ASSIGNMENT: From the line containing "What a user" to the end of the data, retype every line exactly and nothing else. Drop the pictures.

(Saved data entries)

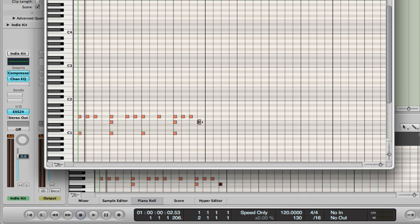So that's how you open Logic from scratch and use the piano roll to make a very simple drum beat.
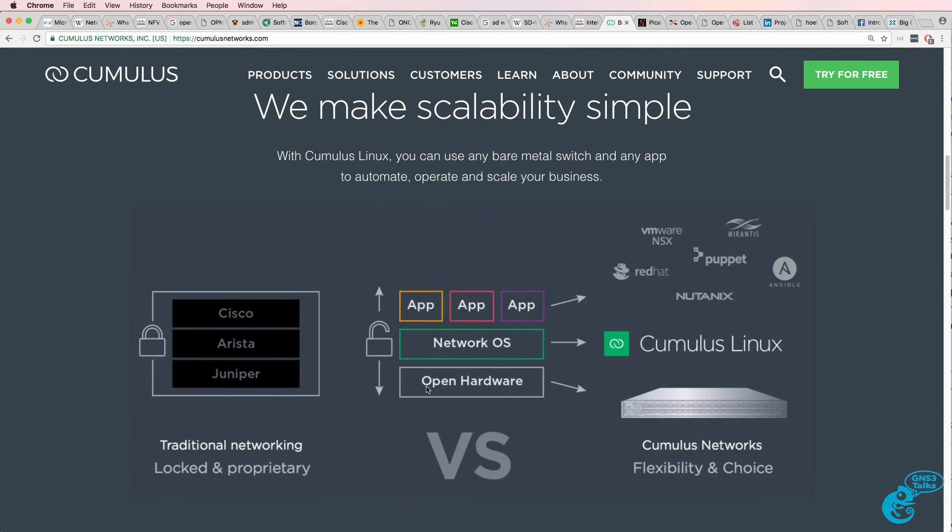So you're getting your hardware from one vendor, your network operating system from another vendor, and your applications from a third vendor.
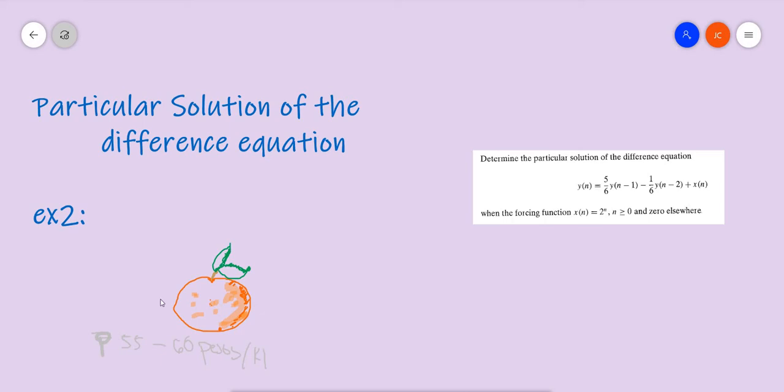Hi there. Today we're going to discuss the particular solution of the difference equation. Our example for today is using this equation.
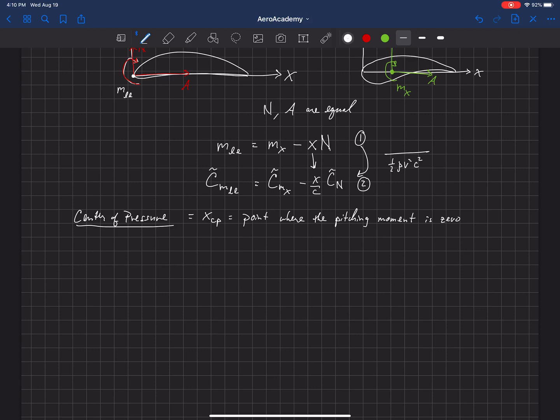There's a very important location on the airfoil called the center of pressure. That's the location where the pitching moment is equal to zero. So that means that if we were to integrate all of the pressure and shear forces along the surface of this airfoil, there's a point where the pitching moment, once we integrate all of that, is equal to zero.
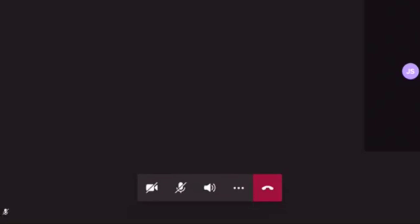The camera icon will enable your video, which is similar to FaceTime. The mic icon will allow you to mute and unmute yourself, with the speaker icon allowing you to change the volume.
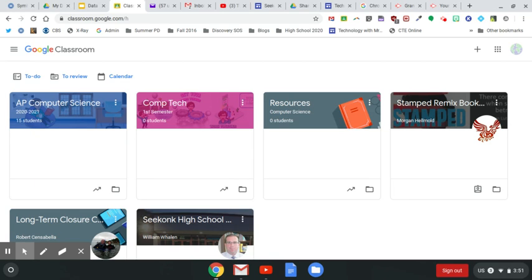So today is going to be a little tip in Google Classroom where you can actually tag a student in a comment that they have made.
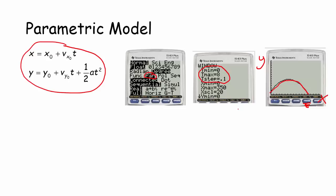Parametric equations are really useful for modeling situations. I hope that helps — a good introduction to taking a situation we knew from Algebra 2 and thinking about how to set it up using parametric mode on the calculator. Good luck.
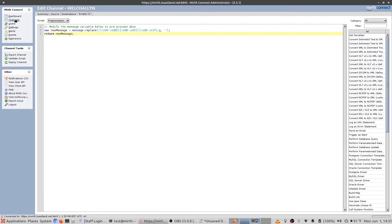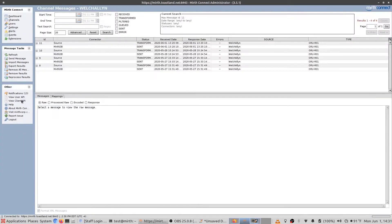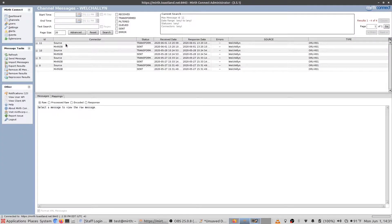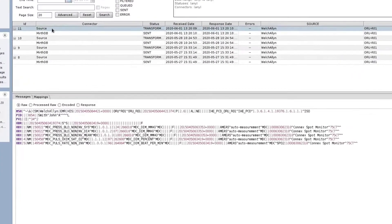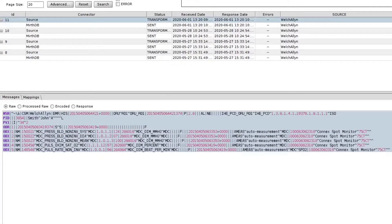And again, this is similar to MirthConnect in the sense that we can go to channels and then view messages. Down here we can look at the uninterpreted message, which looks exactly the same as what Wireshark is reporting.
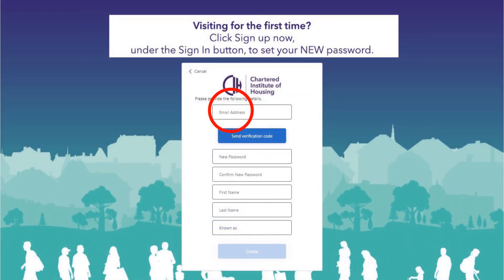Fill in your email address and ensure you use the email address that we normally contact you on. If you're a member, it's the email we send Housing Matters to, or if you're not a member, you may have received joining instructions from us. Click 'Send verification code' and the code will be sent to you via email.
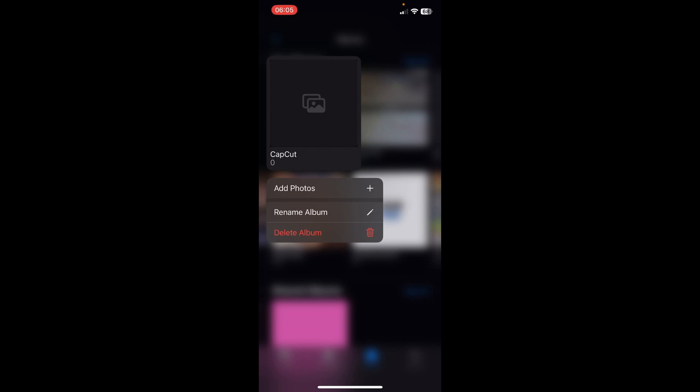Simply tap and hold on it and tap on the delete button, and that's it. I hope you found this video helpful, thanks for watching.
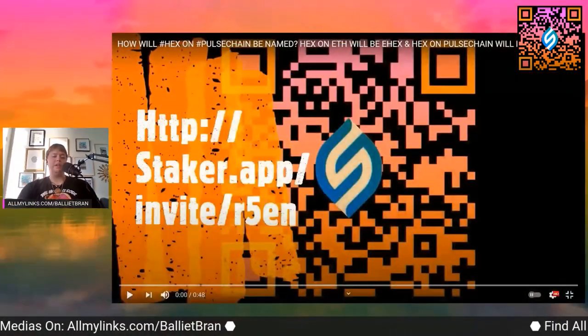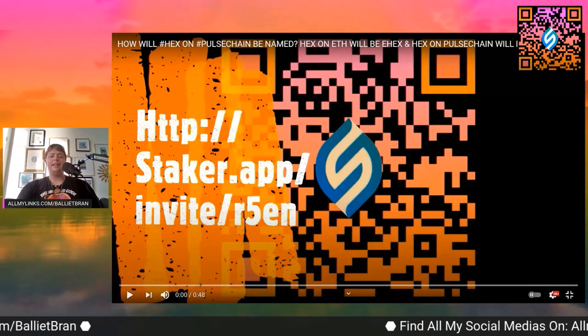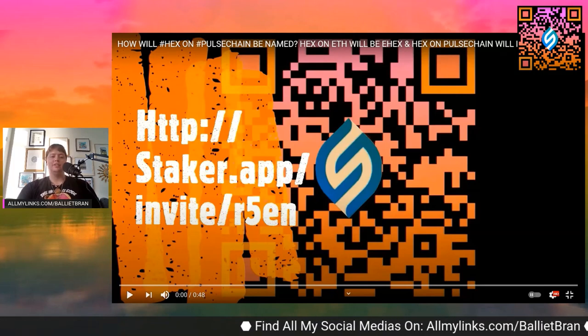What's up everybody, it's Belly at Brand. This evergreen content clip is going to be about what Richard has recently talked about — instead of pHEX, eHEX, all that, he's talking about HEX on Ethereum being called eHEX, and HEX on PulseChain just being called HEX. It's not going to be called pHEX or any of that. So now we have a nomenclature and a dictionary of what to call each version.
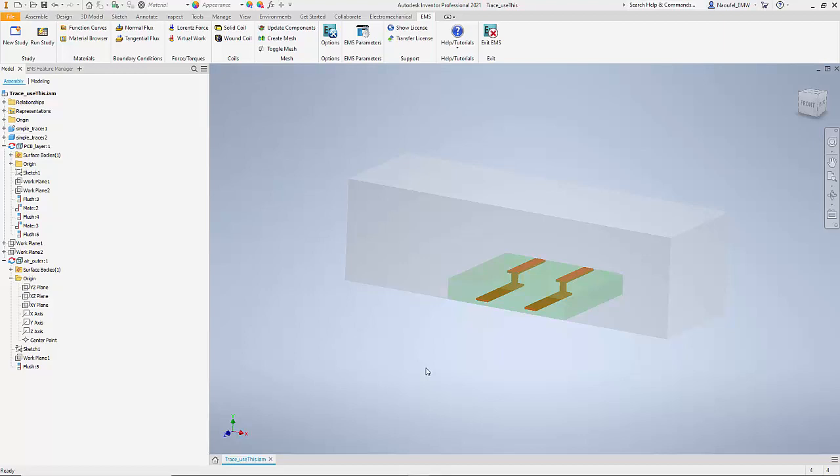Hi, in this example we will see how EMS for Inventor can be used to find out the circuit parameters for two parallel traces inside a PCB. Let me start by explaining the model. If you look closely, there is this green part which is the PCB and we also have two copper traces in them. These traces are embedded in two parallel layers of PCB and they are connected by vias.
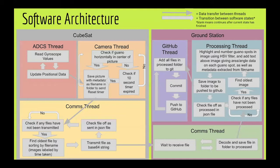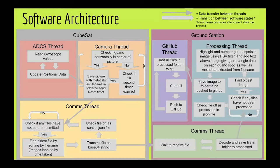Then the comms thread picks up those pictures that have been taken, checks if they have already been transmitted, and if they haven't, sorts them by the oldest, transmits them as a base64 string, and then checks it off as transmitted in the JSON file.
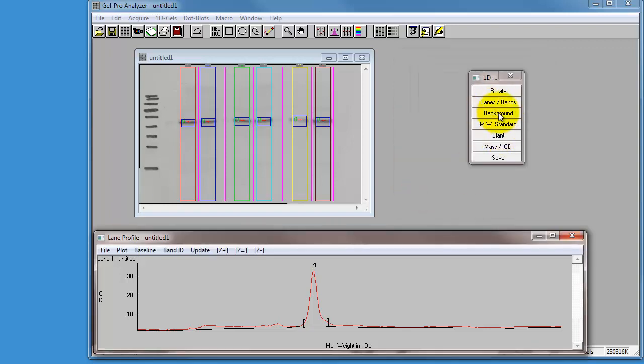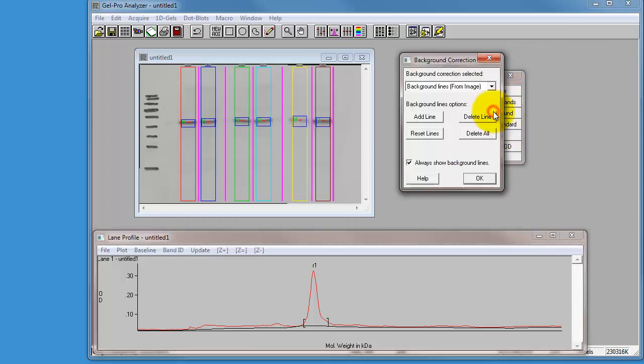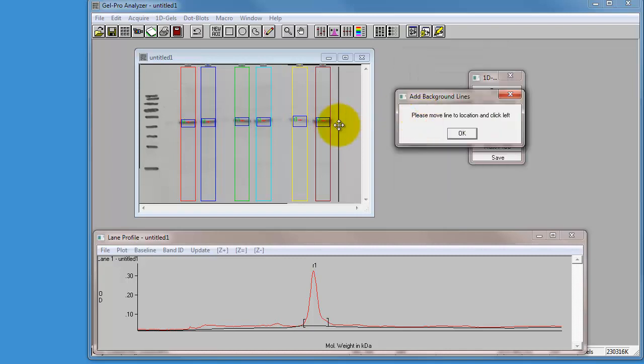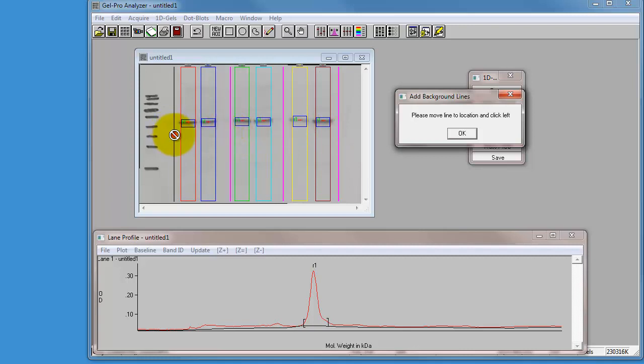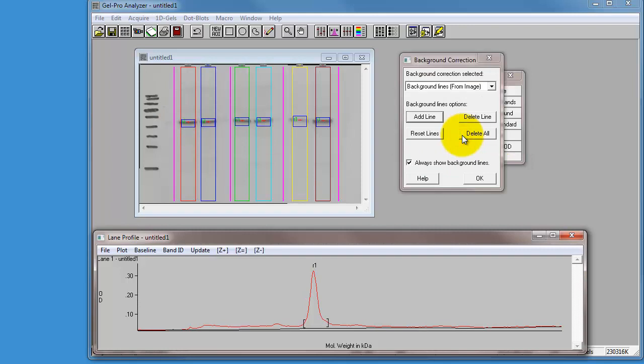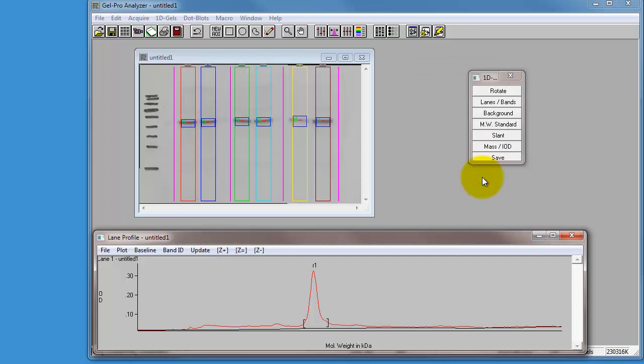And the next one in the list is background. I'm just going to delete all the background lanes and add my own lines. So I'm going to add lines in between the lanes of my western. You may find if you've run lots of lanes, you don't have access to the between lane lines, so just add a background at the beginning and the end, and that helps the software get that right. And then just press OK. That sorted that out for me.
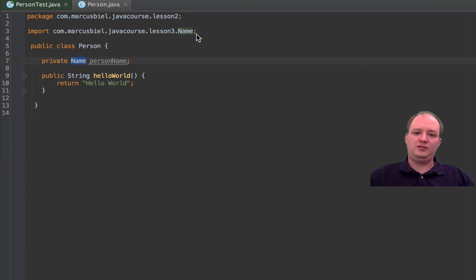We're back in my IDE. IDE is actually the short form for Integrated Development Environment. And as this is much shorter, usually you just say IDE.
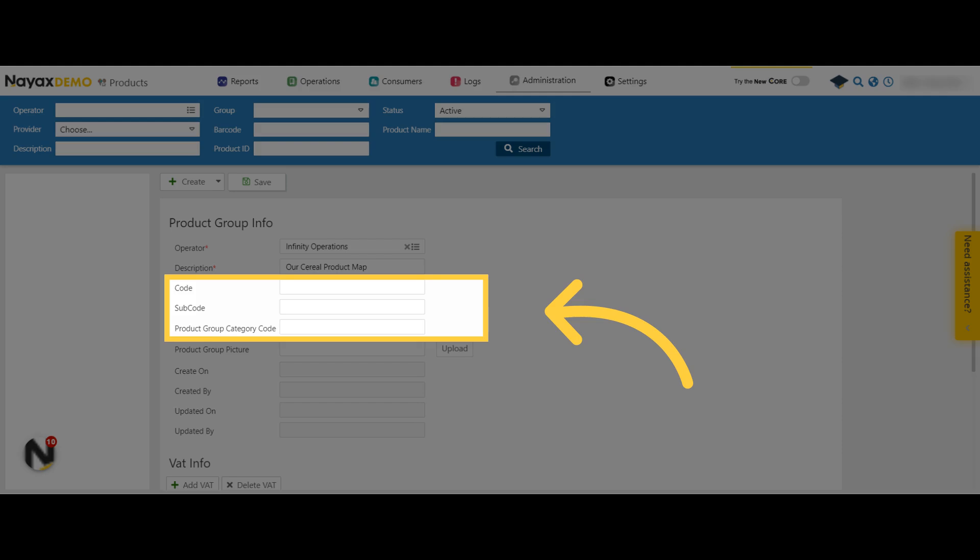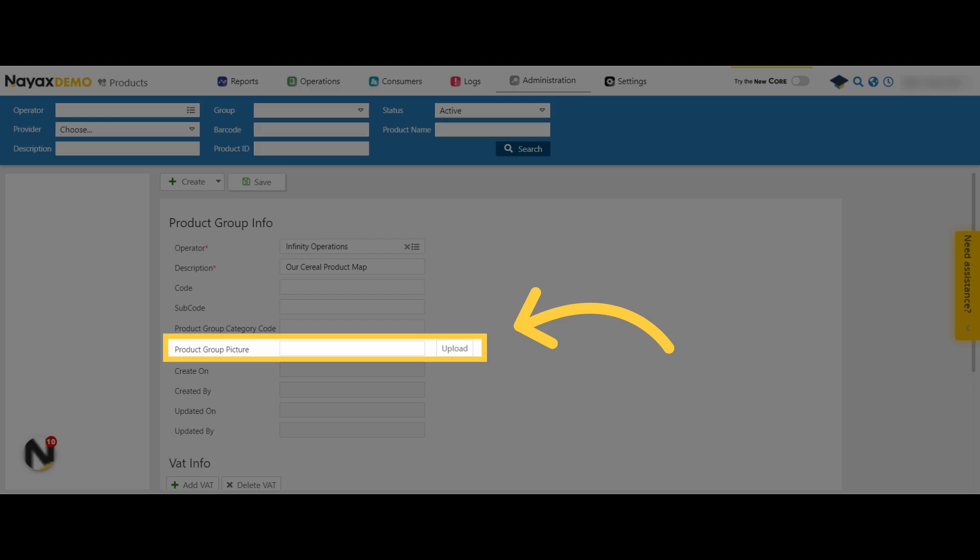These fields are optional, but you can enter any number as an identifier if needed. You also have the option to upload a photo linked to your product group, providing an additional visual identifier for your product group.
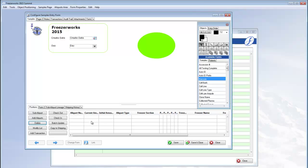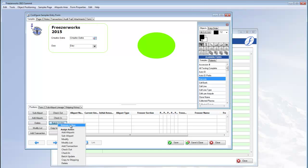What a user can do with aliquots on an entry form is entirely up to this configuration. Thank you, and until next time.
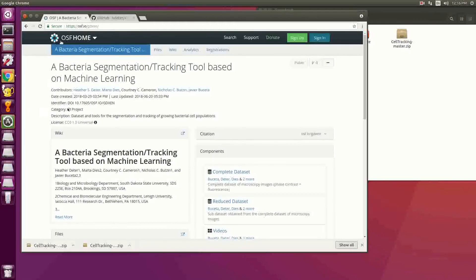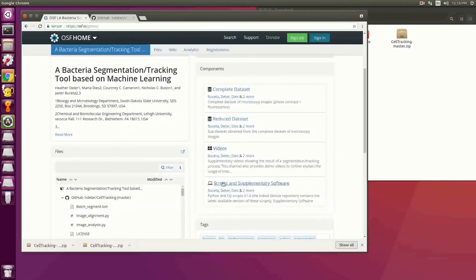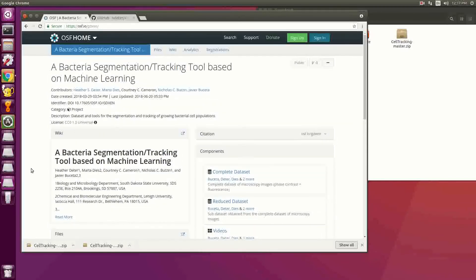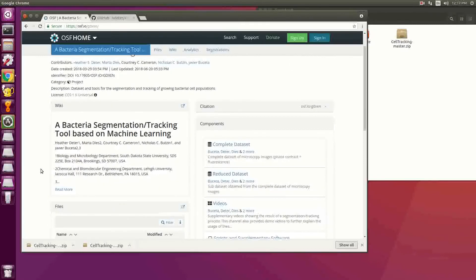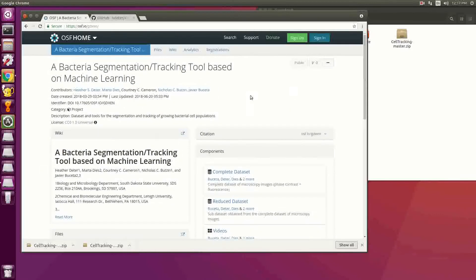This here is our online data storage site at OSF. We have all the videos, scripts, software, and datasets that have been published in our book chapter in Springer Methods, and the citation is also available here.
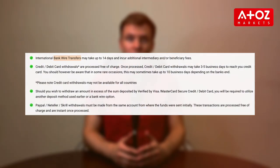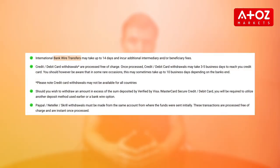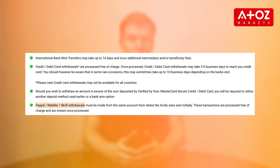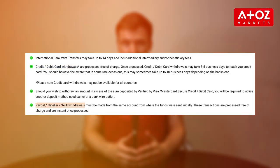IC Markets offers several withdrawal methods including bank transfers, credit and debit cards, and electronic wallets.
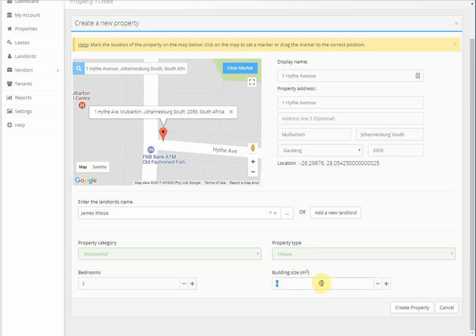And the building size, if you've got the size of the building, you can just enter the size. If not, you can just leave it blank.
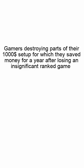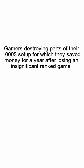Gamers destroying parts of their $1000 setup for which they saved money for a year, after losing an insignificant ranked game.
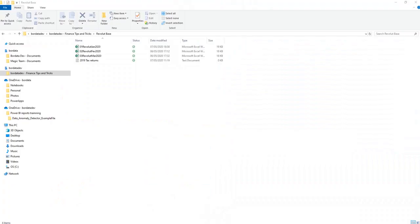This is the folder where we save the bank statements every month in an Excel format. As you can see, we have January, February and March files saved so far. Let's open the January file to check if any cleansing or formatting would be needed.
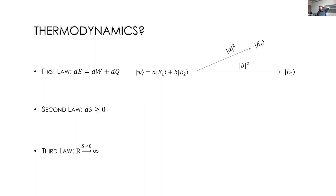That is why we were interested in understanding a little bit more the thermodynamics of the quantum measurement procedure.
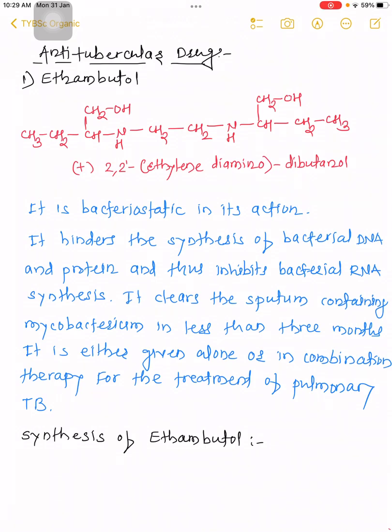In this lecture we are going to study the anti-tubercular drug and its synthesis. We will study ethambutol — the structure of ethambutol is shown here. It is a diamino compound having two alcoholic functional groups. Its name is 2,2'-ethylenediamino dibutanol, also called ethambutol.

FINAL ANSWER:
What a user can do with aliquots on an entry form is entirely up to this configuration. Thank you, and until next time.
This here is our online data storage site at OSF. We have all the videos, scripts, software, and datasets that have been published in our book chapter in Springer Methods, and the citation is also available here.
IC Markets offers several withdrawal methods including bank transfers, credit and debit cards, and electronic wallets.
And the building size, if you've got the size of the building, you can just enter the size. If not, you can just leave it blank.
Gamers destroying parts of their $1000 setup for which they saved money for a year, after losing an insignificant ranked game.
This is the folder where we save the bank statements every month in an Excel format. As you can see, we have January, February and March files saved so far. Let's open the January file to check if any cleansing or formatting would be needed.
That is why we were interested in understanding a little bit more the thermodynamics of the quantum measurement procedure.
In this lecture we are going to study the anti-tubercular drug and its synthesis. We will study ethambutol — the structure of ethambutol is shown here. It is a diamino compound having two alcoholic functional groups. Its name is 2,2'-ethylenediamino dibutanol, also called ethambutol.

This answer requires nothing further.